> **EXTRACTED ENTRIES**:
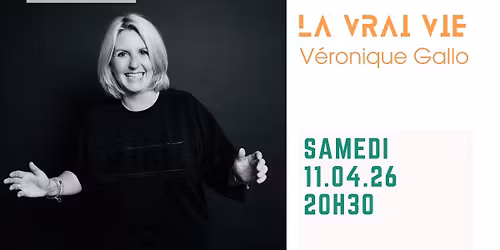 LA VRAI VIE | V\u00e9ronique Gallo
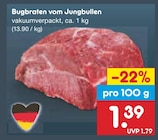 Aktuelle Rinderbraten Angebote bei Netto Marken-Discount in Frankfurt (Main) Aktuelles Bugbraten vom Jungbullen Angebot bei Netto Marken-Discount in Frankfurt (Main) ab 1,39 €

---

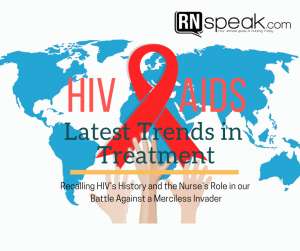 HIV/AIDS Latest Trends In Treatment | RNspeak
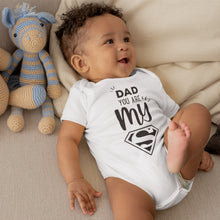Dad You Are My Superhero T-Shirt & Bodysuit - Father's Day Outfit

...

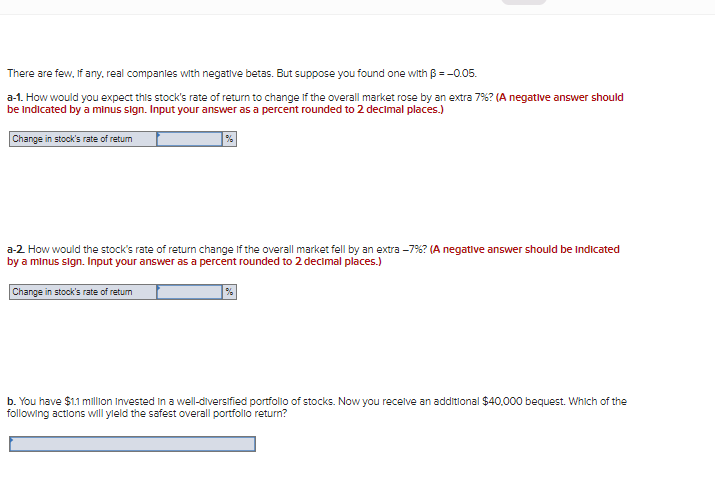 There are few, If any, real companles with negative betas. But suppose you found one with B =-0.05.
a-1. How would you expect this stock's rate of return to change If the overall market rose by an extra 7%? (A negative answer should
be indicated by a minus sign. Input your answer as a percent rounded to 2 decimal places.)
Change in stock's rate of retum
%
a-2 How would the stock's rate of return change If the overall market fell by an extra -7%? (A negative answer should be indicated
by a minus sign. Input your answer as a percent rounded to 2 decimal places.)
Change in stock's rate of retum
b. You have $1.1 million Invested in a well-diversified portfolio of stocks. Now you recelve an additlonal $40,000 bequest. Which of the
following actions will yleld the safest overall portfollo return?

> **PROBLEM STATEMENT**: Go to the line with "a-1. How would" in the entries above and repeat every line from there through the line with "following actions will", exactly and with no other text.

> **ANSWER TO THE EXERCISE**:
a-1. How would you expect this stock's rate of return to change If the overall market rose by an extra 7%? (A negative answer should
be indicated by a minus sign. Input your answer as a percent rounded to 2 decimal places.)
Change in stock's rate of retum
%
a-2 How would the stock's rate of return change If the overall market fell by an extra -7%? (A negative answer should be indicated
by a minus sign. Input your answer as a percent rounded to 2 decimal places.)
Change in stock's rate of retum
b. You have $1.1 million Invested in a well-diversified portfolio of stocks. Now you recelve an additlonal $40,000 bequest. Which of the
following actions will yleld the safest overall portfollo return?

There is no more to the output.